━━━ MATERIAL PROVIDED ━━━
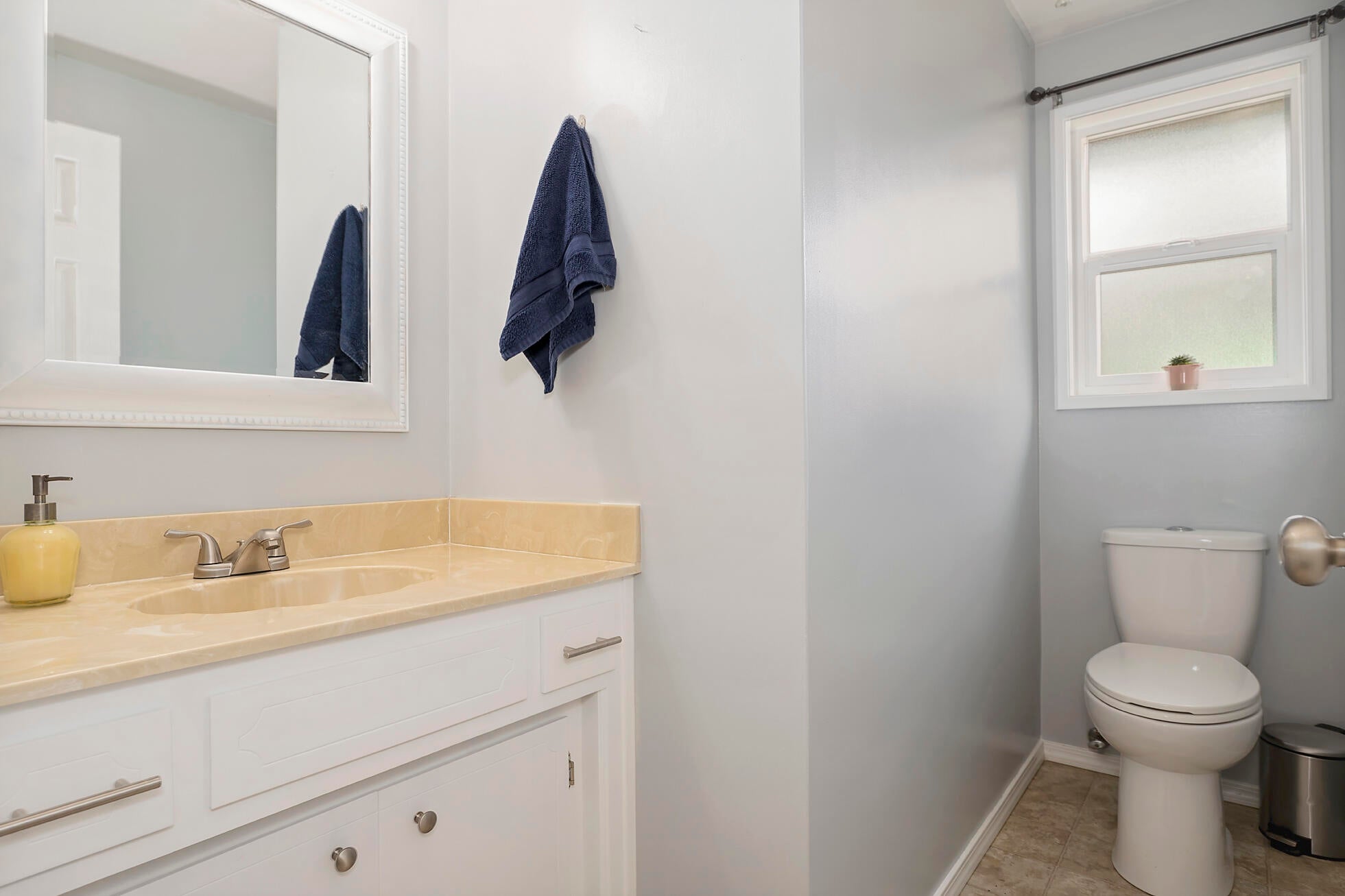 2051 Taylor Road Central Point, OR 97502 - Photo 10 of 18 Half Bath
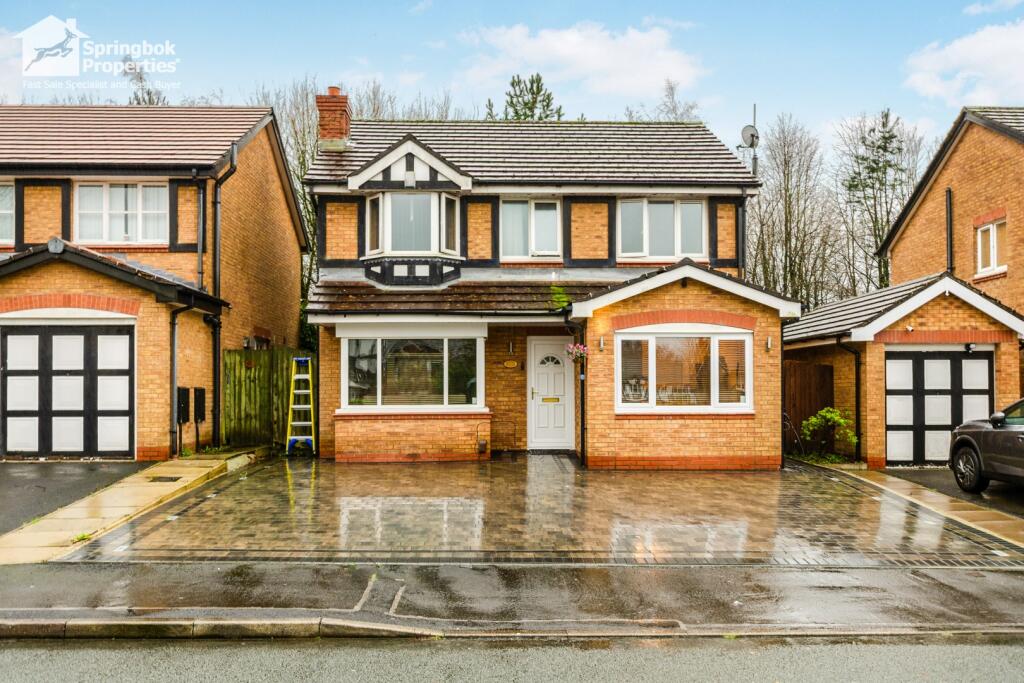 4-bed detached on Stonehaven, Bolton, Greater Manchester, £345,000
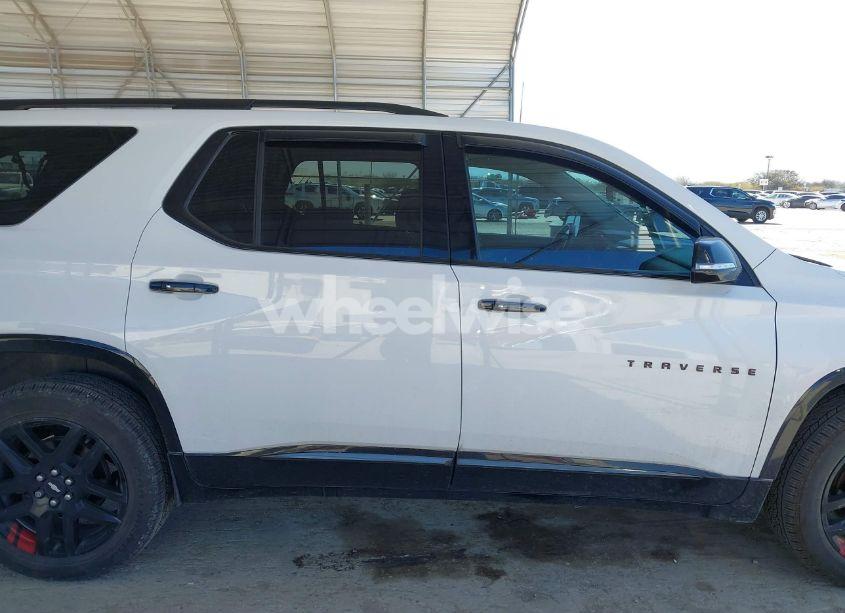 Photo 13 of 2018 Chevrolet Traverse PREMIER (VIN 1GNERKKW9JJ251384)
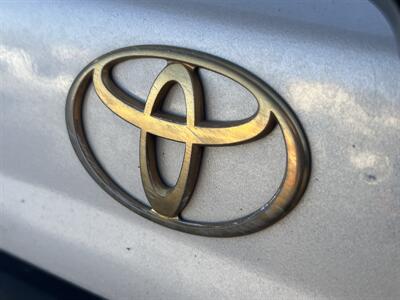 1999 Toyota 4Runner SR5   - Photo 10 - North Hollywood, CA 91601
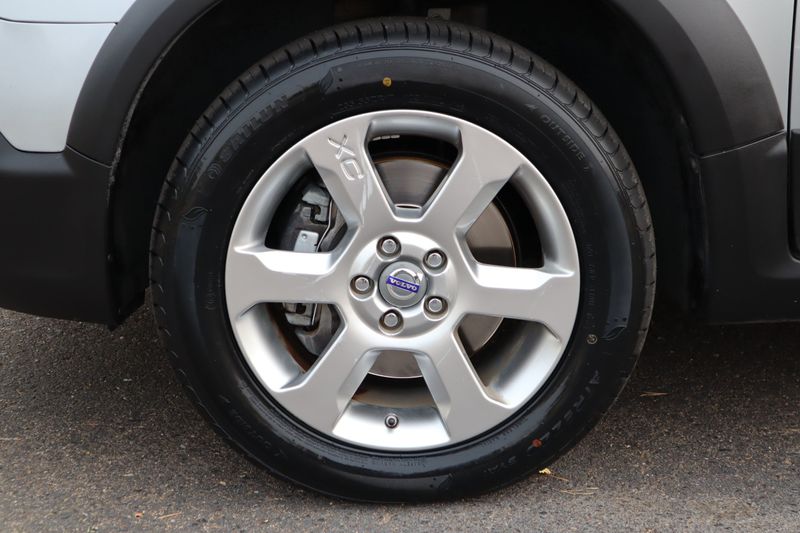 2010 Volvo XC70 3.2 | Victory Motors of Colorado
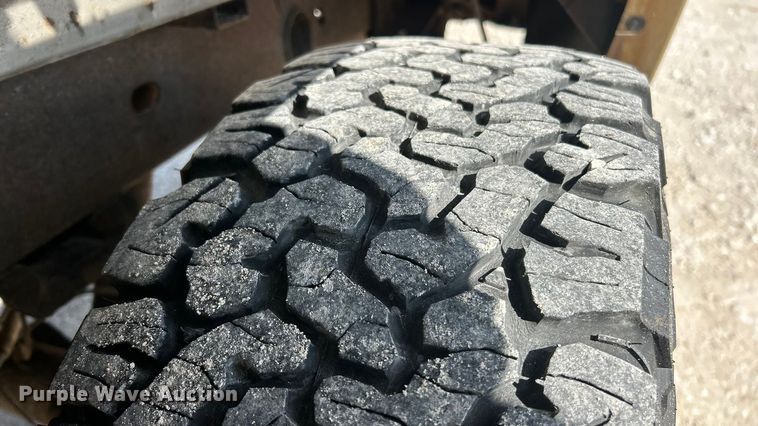 image for item FC5058 2001 Chevrolet Silverado 1500 Ext. Cab pickup truck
━━━
* [WORK ITEM] A faithful copy of all the data above is required, printed exactly and with no pictures.

* [ANSWER SECTION]
 2051 Taylor Road Central Point, OR 97502 - Photo 10 of 18 Half Bath
 4-bed detached on Stonehaven, Bolton, Greater Manchester, £345,000
 Photo 13 of 2018 Chevrolet Traverse PREMIER (VIN 1GNERKKW9JJ251384)
 1999 Toyota 4Runner SR5   - Photo 10 - North Hollywood, CA 91601
 2010 Volvo XC70 3.2 | Victory Motors of Colorado
 image for item FC5058 2001 Chevrolet Silverado 1500 Ext. Cab pickup truck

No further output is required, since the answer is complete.